Young Farmers


It’s warm, damp, poorly lit and kind of a weird place to be eating dinner on a Thursday in February: a greenhouse in the middle of fields dedicated to growing
ornamental plants.

But it isn’t too far from the ordinary for those gathered round the folding tables, sitting on plastic chairs as they dig into a local dinner (duck, scallops), prepared by a local chef (Charles Germano), while talking fertilizer and recycling plastic ground cover. These are the next generation of farmers in Suffolk County, as well as those who support them. At one table is Alex Balsam, 31, a member of the board of the Long Island Farm Bureau (LIFB) and fresh back from the American Farm Bureau Federation annual convention in Atlanta. At another table are employees of Farm Credit East, a cooperative with a branch in Riverhead that makes loans to agricultural businesses. County workers for the soil and water district are also there.

It is one of the two dinner meetings held each year for the Young Farmers group, comprised of ag workers between 18 and 35, sponsored by LIFB. Revived five years ago by the honorarily young Rodney Anderson, of Anderson Farms in Riverhead, with about a dozen members, the Half Hollow greenhouse is now hosting nearly 60 local growers of plants and food as well as a couple from upstate who are planning to start a goat farm in the area.

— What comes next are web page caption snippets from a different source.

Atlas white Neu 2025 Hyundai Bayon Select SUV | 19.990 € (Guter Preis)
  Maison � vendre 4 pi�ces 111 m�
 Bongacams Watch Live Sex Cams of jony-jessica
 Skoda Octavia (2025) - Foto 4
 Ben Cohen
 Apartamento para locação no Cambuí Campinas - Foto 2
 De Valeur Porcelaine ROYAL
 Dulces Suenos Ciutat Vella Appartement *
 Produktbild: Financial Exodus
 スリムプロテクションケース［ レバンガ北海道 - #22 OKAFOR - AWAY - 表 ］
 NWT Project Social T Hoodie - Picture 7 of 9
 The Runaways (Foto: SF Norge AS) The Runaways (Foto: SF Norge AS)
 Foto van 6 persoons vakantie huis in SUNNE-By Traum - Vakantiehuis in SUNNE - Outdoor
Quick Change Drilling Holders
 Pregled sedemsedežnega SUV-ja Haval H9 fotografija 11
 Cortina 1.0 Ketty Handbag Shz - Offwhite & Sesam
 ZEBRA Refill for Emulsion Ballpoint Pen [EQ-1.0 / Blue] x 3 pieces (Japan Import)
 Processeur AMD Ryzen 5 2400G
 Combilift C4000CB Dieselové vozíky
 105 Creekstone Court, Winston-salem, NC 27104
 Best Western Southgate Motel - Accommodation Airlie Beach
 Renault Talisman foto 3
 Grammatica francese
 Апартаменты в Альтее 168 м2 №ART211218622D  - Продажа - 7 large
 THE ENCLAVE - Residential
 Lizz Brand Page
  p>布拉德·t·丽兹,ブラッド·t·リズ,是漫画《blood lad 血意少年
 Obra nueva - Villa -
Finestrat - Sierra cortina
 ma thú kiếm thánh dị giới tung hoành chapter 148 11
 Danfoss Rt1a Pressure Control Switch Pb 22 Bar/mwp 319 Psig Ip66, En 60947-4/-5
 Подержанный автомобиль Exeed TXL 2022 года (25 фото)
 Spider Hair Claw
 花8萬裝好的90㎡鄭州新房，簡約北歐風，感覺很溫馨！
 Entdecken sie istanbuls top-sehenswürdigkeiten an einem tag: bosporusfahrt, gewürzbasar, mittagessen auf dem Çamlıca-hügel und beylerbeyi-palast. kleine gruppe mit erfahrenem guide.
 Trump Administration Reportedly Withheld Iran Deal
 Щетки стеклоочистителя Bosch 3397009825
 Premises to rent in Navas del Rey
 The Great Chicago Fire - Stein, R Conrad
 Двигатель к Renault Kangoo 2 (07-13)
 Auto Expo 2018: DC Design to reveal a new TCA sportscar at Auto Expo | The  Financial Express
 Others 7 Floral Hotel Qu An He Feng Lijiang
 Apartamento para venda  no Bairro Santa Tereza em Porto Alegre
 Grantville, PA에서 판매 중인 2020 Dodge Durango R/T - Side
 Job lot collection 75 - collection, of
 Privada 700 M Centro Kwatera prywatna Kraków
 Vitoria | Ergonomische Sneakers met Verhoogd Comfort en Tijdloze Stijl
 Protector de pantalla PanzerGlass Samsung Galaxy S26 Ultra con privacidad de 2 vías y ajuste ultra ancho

There is talk of national and local issues including migrant workers, food safety, nitrogen levels in water supplies, the estate tax and the deficit in Albany, reminding everyone, as if they needed it, that farming is more than dirt and seedlings, it involves politics, business and people.

They’re also reminded that farming is thriving on Long Island. Jessica Anson, a senior at Longwood High School, is at the dinner to accept a scholarship from the New York Farm Bureau after winning first place in the state. Balsam says Suffolk County had the best turnout at the convention.

And that farming on the East End is continually evolving. John Condezella of Green Island Farm in Wading River plans to plant hops this year to sell to the increasing number of microbrewers in the area. Will it be profitable? “I’m going to find out,” he says.